DATA EXCERPT below:

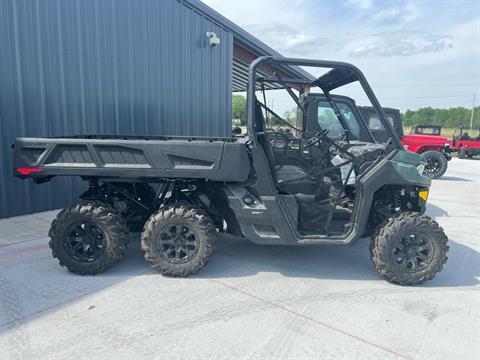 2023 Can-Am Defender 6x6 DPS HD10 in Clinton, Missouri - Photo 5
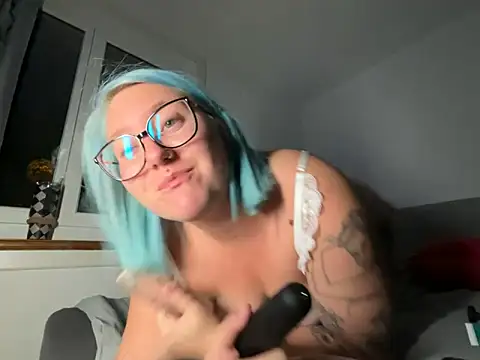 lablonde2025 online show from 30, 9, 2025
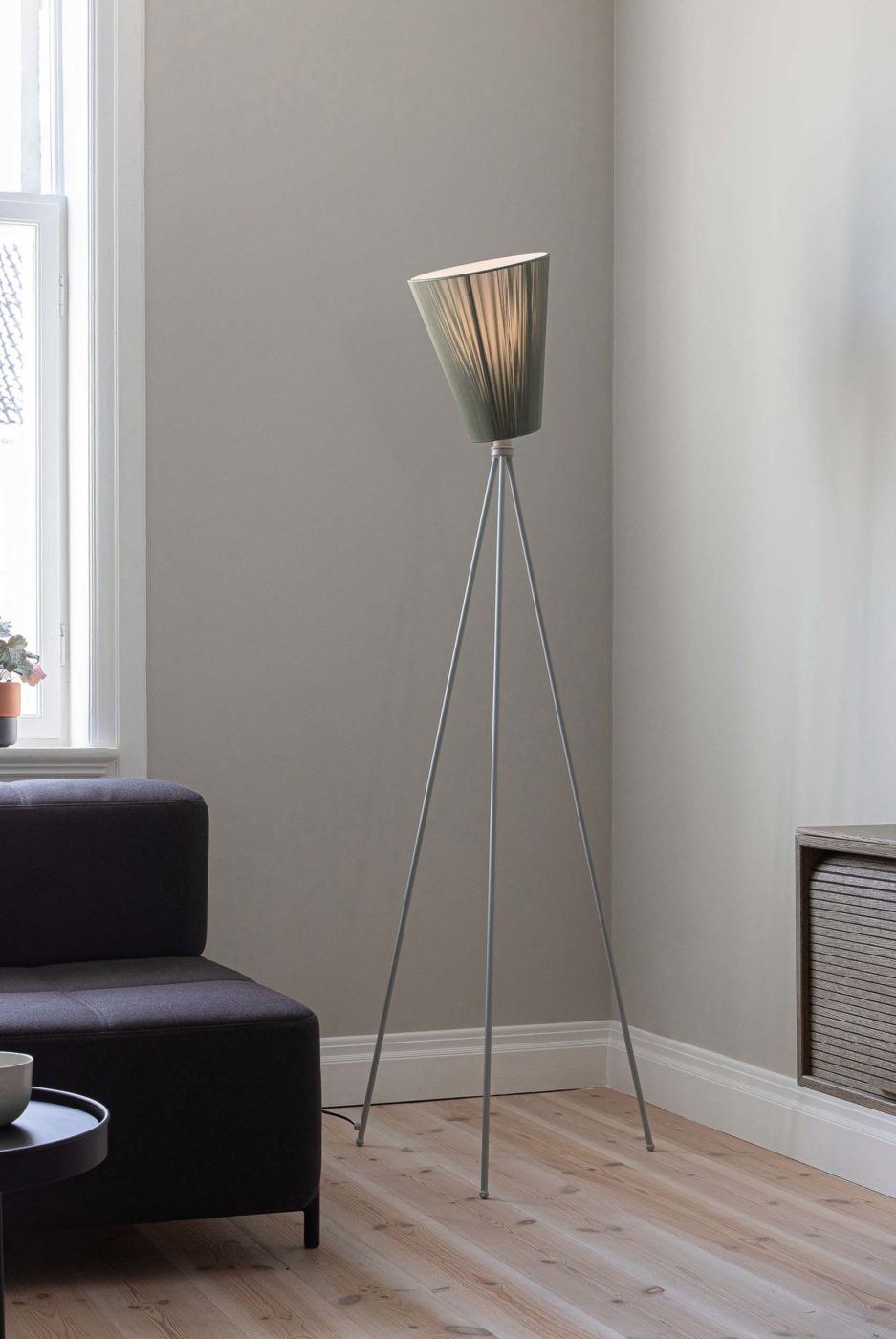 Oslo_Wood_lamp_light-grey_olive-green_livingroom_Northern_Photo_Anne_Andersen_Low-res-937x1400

End of DATA EXCERPT.

Print out all the material above exactly as it appears, omitting the images.

 2023 Can-Am Defender 6x6 DPS HD10 in Clinton, Missouri - Photo 5
 lablonde2025 online show from 30, 9, 2025
 Oslo_Wood_lamp_light-grey_olive-green_livingroom_Northern_Photo_Anne_Andersen_Low-res-937x1400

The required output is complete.